Ukrainian Refugees present Traditional Dishes and Souvenirs at a Christmas Market in SofiaSociety | December 20, 2022, Tuesday // 10:14| views
UNICEF supports their participation as part of the campaign "Christmas is possible for every child"
Refugees from Ukraine participate in a Christmas market in Sofia, Bulgaria, with the support of UNICEF to present their dishes, crafts and traditions during the holidays.
Over 20 small Ukrainian companies and entrepreneurs, as well as Ukrainian chefs, bakers and artisans, will present their products from December 19 for two weeks in the capital. Traditional dishes and handmade souvenirs are sold in two Christmas houses of the Ukrainian refugee community in Christmas Park on Slaveykov Square.
UNICEF supports their participation in the bazaar as part of the "Christmas is possible for every child" campaign. The campaign aims to give a voice to Ukrainian families who have found refuge in Bulgaria and to promote their integration and solidarity in Bulgarian society.
"After almost 10 months away from their country, Ukrainian families are doing their best to integrate into their host communities by learning Bulgarian, enrolling their children in school, looking for work or starting a small business," said Christina de Bruin, UNICEF representative in Bulgaria . "Thanks to the warm welcome and support in Bulgaria, refugee children can celebrate Christmas in peace here, while our thoughts are with all the children who live in war-torn places.
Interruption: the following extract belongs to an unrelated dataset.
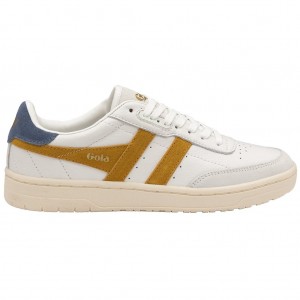 Gola Classics Falcon Sneakers Bílé CZ | WCDM-92508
As a sign of gratitude for this hospitality, Ukrainian refugees are motivated to show their appreciation to Bulgarians through their food and culture," she added.
From December 19 until the end of the month, visitors to the bazaar can try various Ukrainian delicacies such as varenyki with different fillings, syrniki (pancakes with cream), borsch with pampushki (garlic cakes), Carpathian tea and Lviv cheesecake.
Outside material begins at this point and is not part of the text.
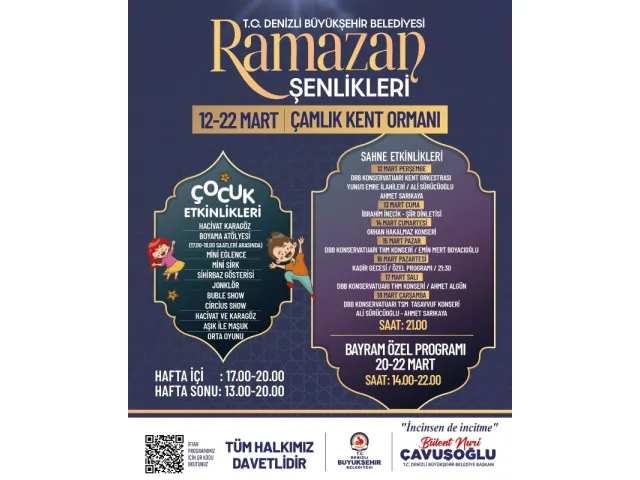 Büyükşehir Ramazan Şenliklerinin finali Çamlık Kent Ormanı’nda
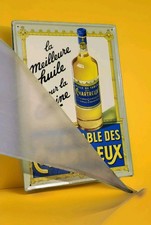 plaque public. tôle anc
Guests will also be offered traditional Christmas sweets that Ukrainian mothers and grandmothers prepare during the holidays for their children and grandchildren.
Visitors will also be able to buy jewelry and toys handmade by Ukrainian refugee women, as well as bags with traditional ornaments, candles, decoration, home accessories and more. Ukrainian stands will also attract people looking for special decorations for their Christmas trees and gifts, such as beaded jewelry made by 11-year-old Kateryna from the Donetsk region.
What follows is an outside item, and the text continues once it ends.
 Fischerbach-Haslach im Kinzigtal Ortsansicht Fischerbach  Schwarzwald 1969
"In Ukraine, I had many hobbies, I was involved in sports and music. Now all that's left for me is making rings, bracelets and earrings from colorful beads, which helps me break away from negative thoughts. I used to make gifts for myself and my friends on special occasions. I have a lot of ideas and I want other people to have these jewels to put them in a festive mood," said Kateryna, who fled the war from the town of Bakhmut in eastern Ukraine in April and now attends school in Harmanli.
In addition to shopping, bazaar visitors will also be able to make a donation to charities supporting Ukrainian refugee children in Bulgaria, who have made toys to decorate two Christmas trees at the bazaar. Ukrainian children will also participate in the Christmas celebrations, who will sing traditional Ukrainian and Bulgarian songs.
Since the beginning of the war, UNICEF has worked with the government, local authorities and other partners in Bulgaria to support refugee children from Ukraine and their parents and improve their access to education, protection and health care. With winter temperatures getting colder, UNICEF is increasing its support programs for the most vulnerable children, including refugee children, by supplying warm clothes, blankets, education and hygiene materials through partner organizations in the country.